September 10, 2009

2 St. John’s alumni to be honored for public service

September 10, 2009

2 St. John’s alumni to be honored for public service
Men will receive the first Eugene McCarthy Public Service Award

St. Cloud Times staff report

COLLEGEVILLE — St. John’s University will honor two alumni posthumously for their public service.

John Brandl and Gerald Christenson will receive the first Eugene McCarthy Distinguished Public Service Award during the third annual McCarthy Lecture and Dinner on Sept. 23.
Brandl served in the administration of President Lyndon Johnson in the 1960s, first as an analyst with the Defense Department and later as a deputy assistant secretary in the Department of Health, Education and Welfare. He later served 12 years in the Minnesota Legislature representing parts of south Minneapolis.

Brandl also was a regent at St. John’s from 1991-2000 and helped launch the Eugene J. McCarthy Center for Public Policy and Civic Engagement. He was a distinguished professor of public policy at St. John’s and the College of St. Benedict, and a professor and former dean of the Hubert H. Humphrey Institute of Public Affairs at the University of Minnesota.
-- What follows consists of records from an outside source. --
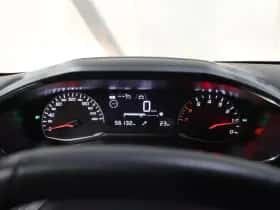 Peugeot 208 (2023) thumbnail 25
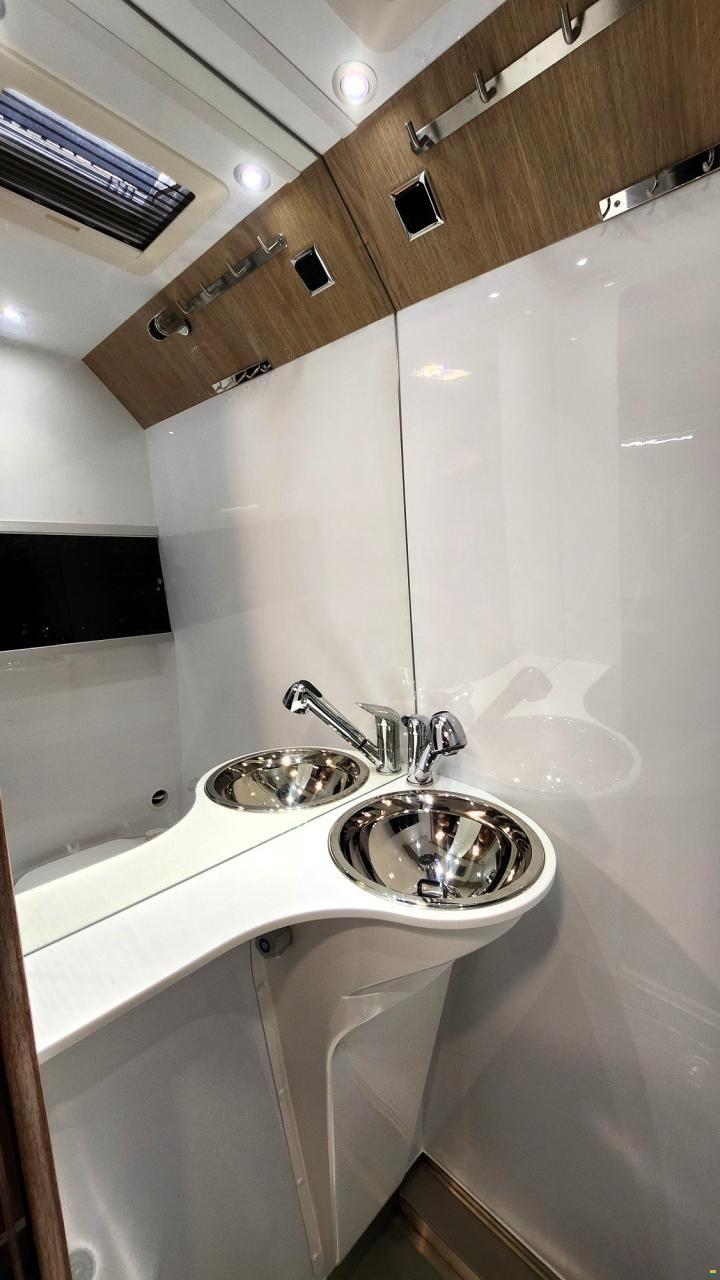 Bunkervan Memphis 599 180PS 9-Gang Aut.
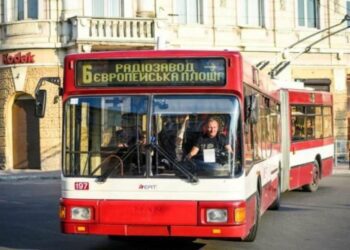 Негода паралізувала рух тролейбусів в Івано-Франківську: графік “летить шкереберть”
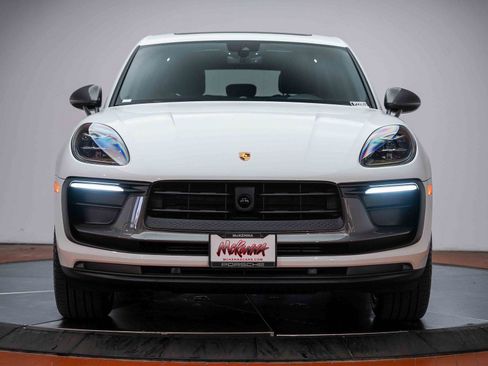 Used 2025 Porsche Macan Turbo image 7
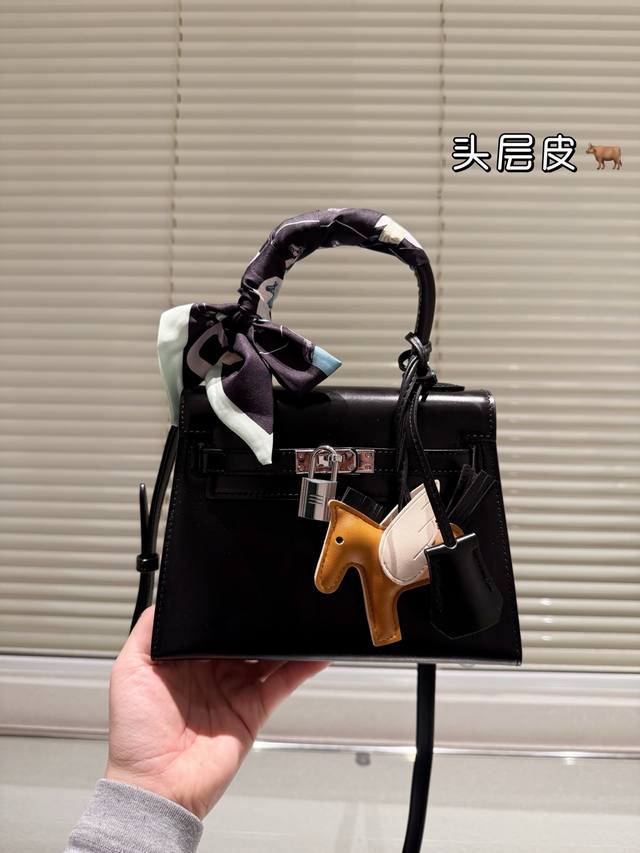 进口头层皮 HermèS凯莉包 独家经典火爆出货 集万千宠爱与一身 爱马仕 Birkin凯莉包 专柜万年不下架 原厂激光五金 各路时尚主播 网红 明星不离手 气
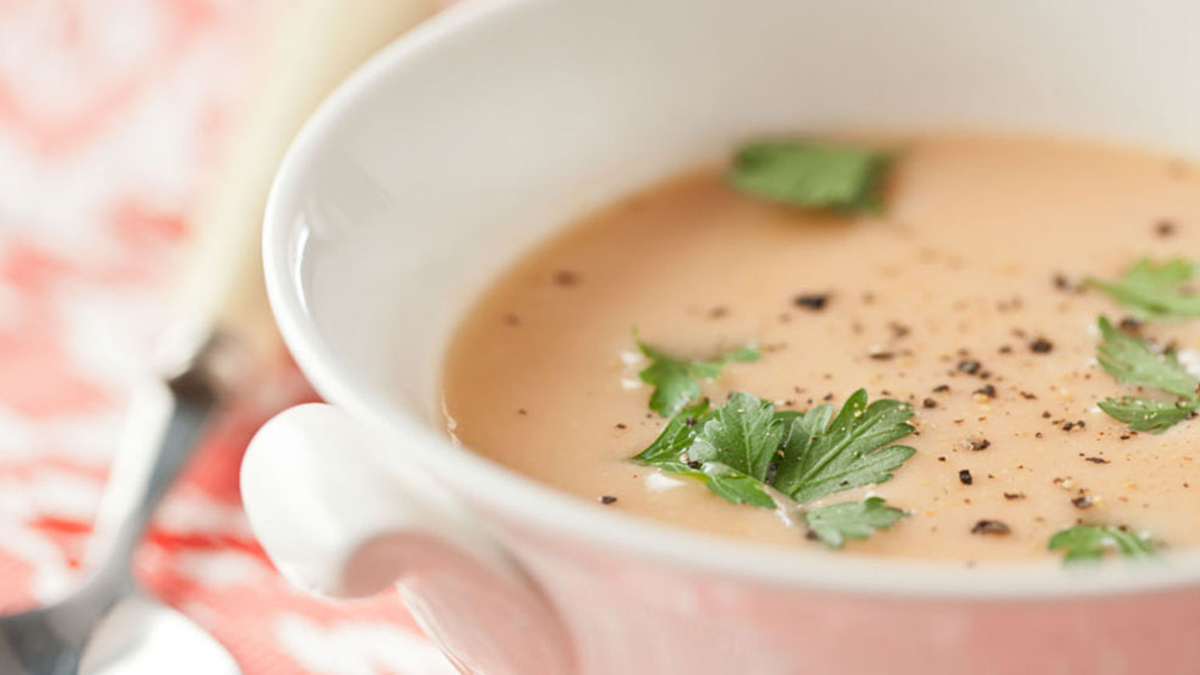 SOPA FRIA DE MELOA E TOMATE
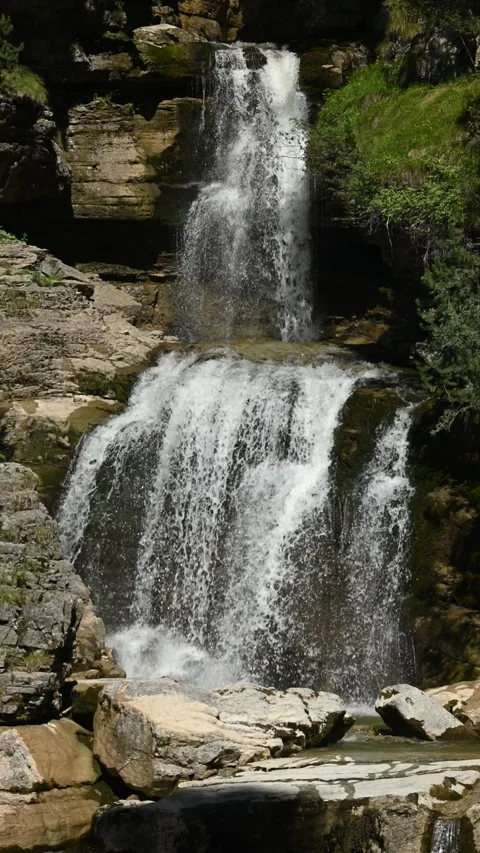 The upper part of the main waterfall at Kuhflucht Wasserfälle, vertical shot Video stock 260869367
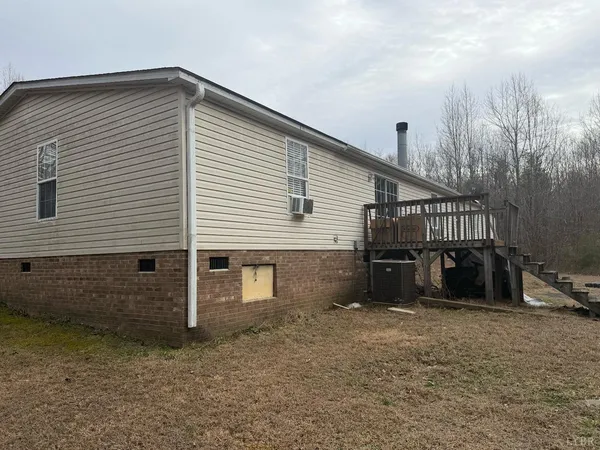 a view of a house with backyard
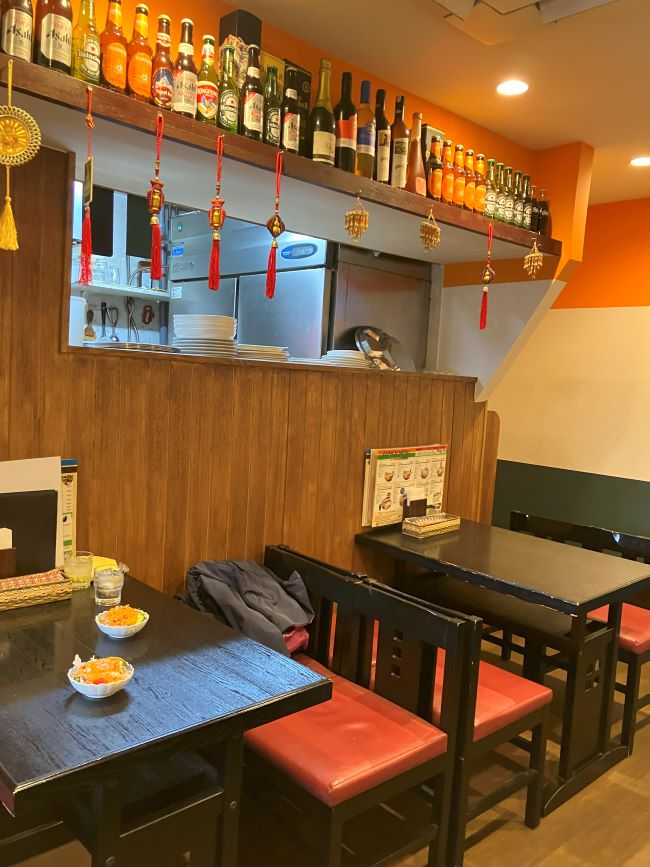 京都でダルバートを食べられるマウント エベレストの内装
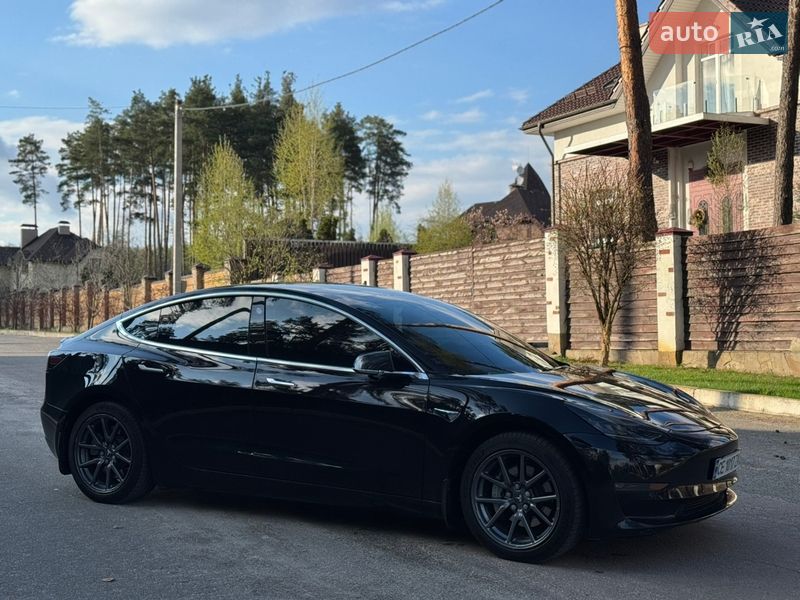 Седан Tesla Model 3 2019 в Киеве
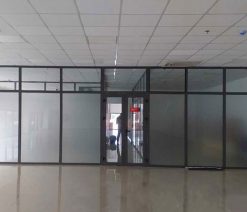 Làm vách ngăn nhôm kính xingfa TPHCM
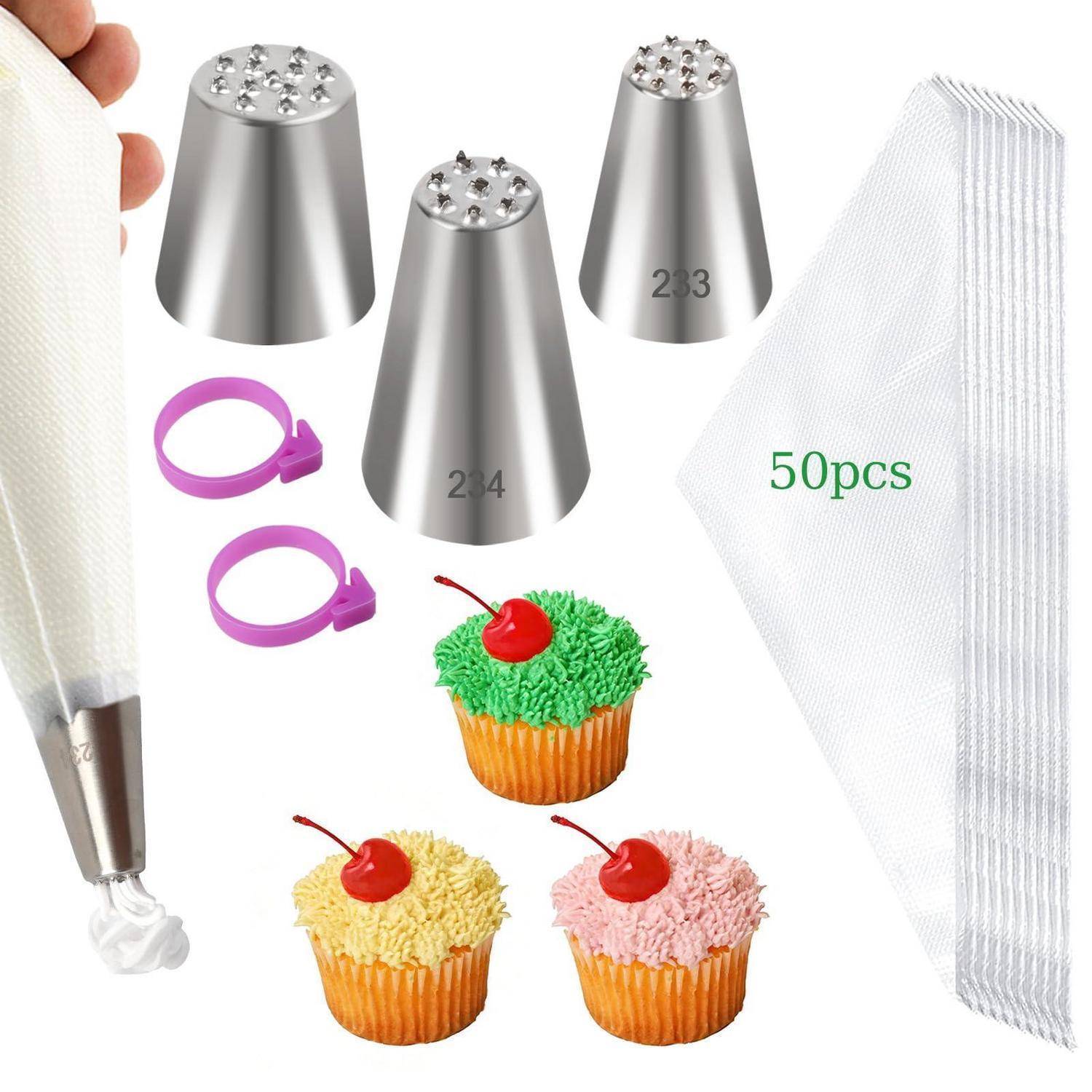 Kuchendekorier-Spritzbeutel-Set mit drei Metallspitzen, zwei Kupplungen und 50 Einweg-Spritzbeuteln, gezeigt mit Beispiel-Cupcakes und Zuckerguss-Designs.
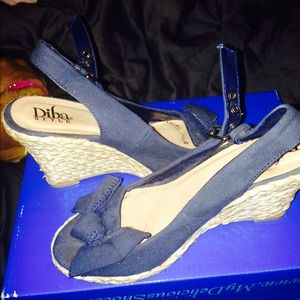 Navy bow wedges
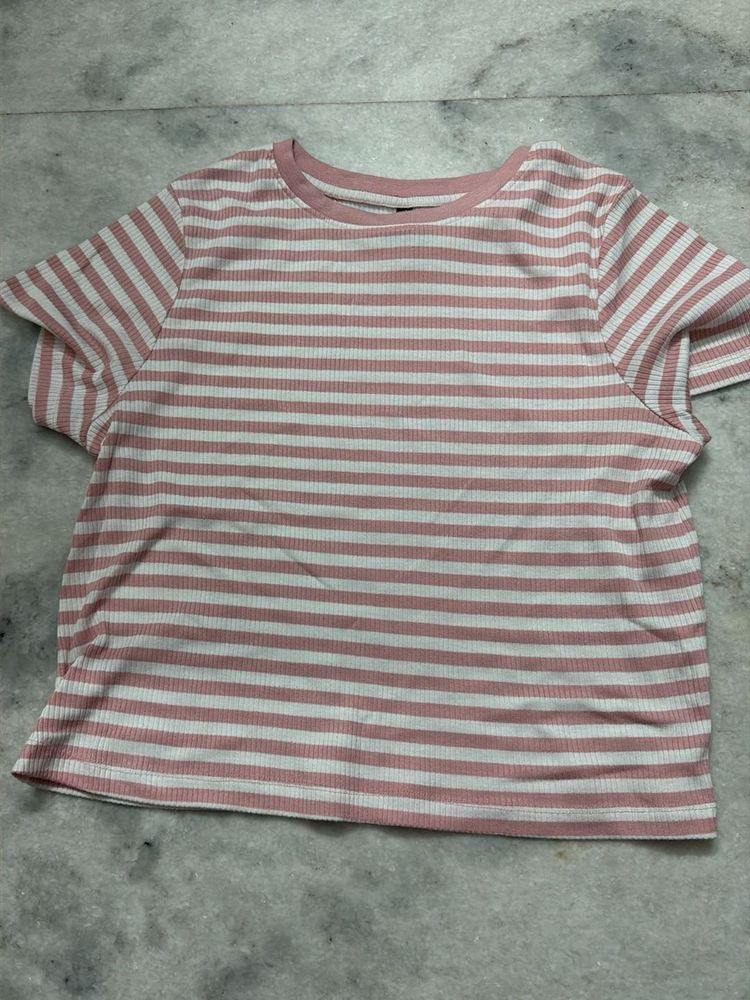beautiful strip top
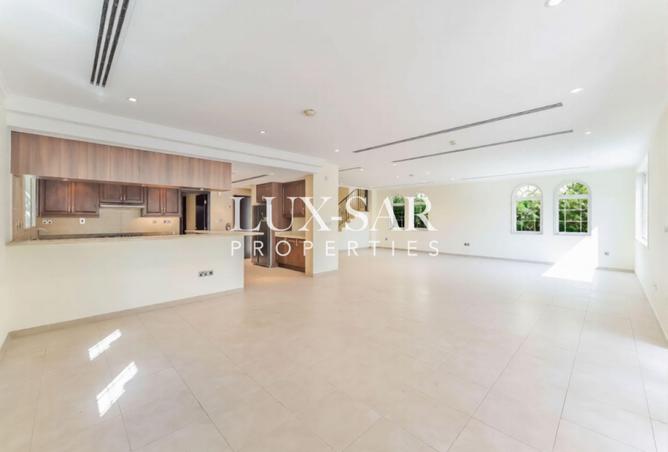 73112650 - Property Image 3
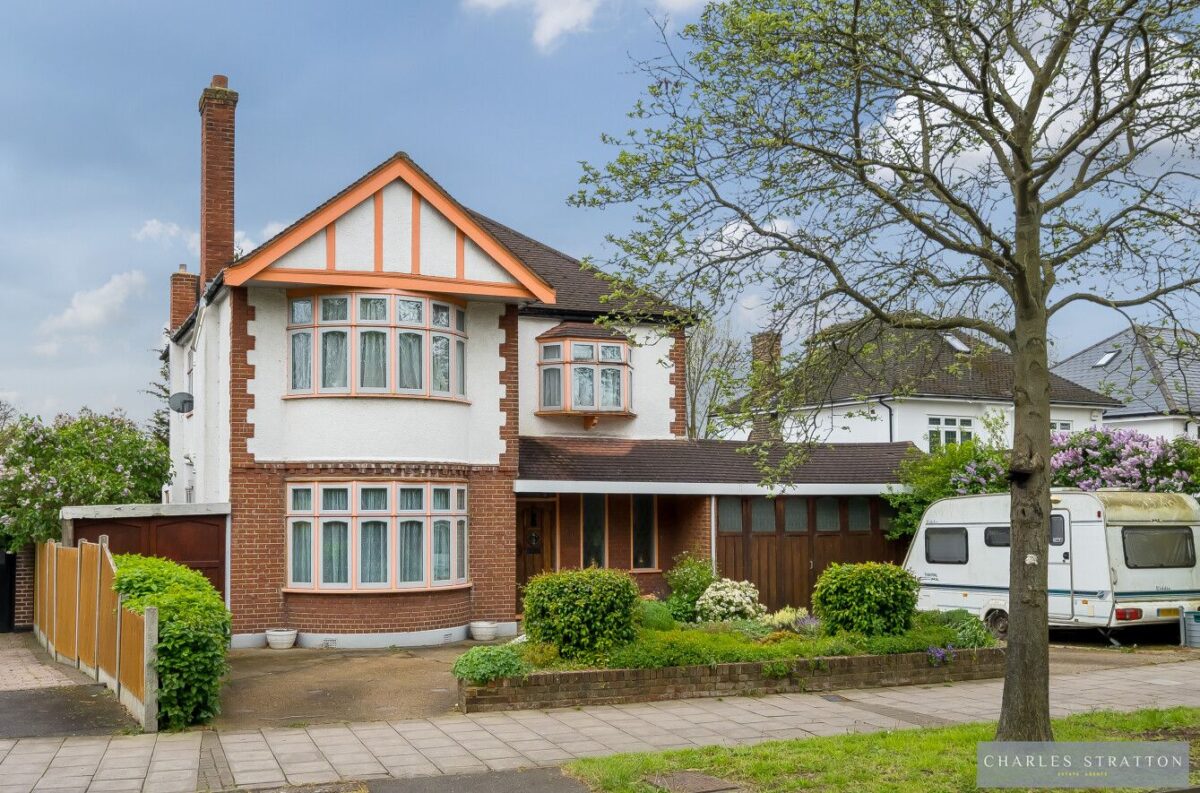 Main Road, Gidea Park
Christenson, a native of Litchfield, helped design the Minnesota school funding system known as the “Minnesota Miracle” because it made the state responsible for most public education funding. He helped create a federal youth employment program during the 1960s and was chancellor of the Minnesota community college system.

He was also the first commissioner of the state’s Department of Finance, and instituted the revenue forecast.

Christenson was a chief of staff for Fourth District Congressman Joe Karth and a candidate for lieutenant governor in 1966.
Brandl died in 2008; Christenson in 2005.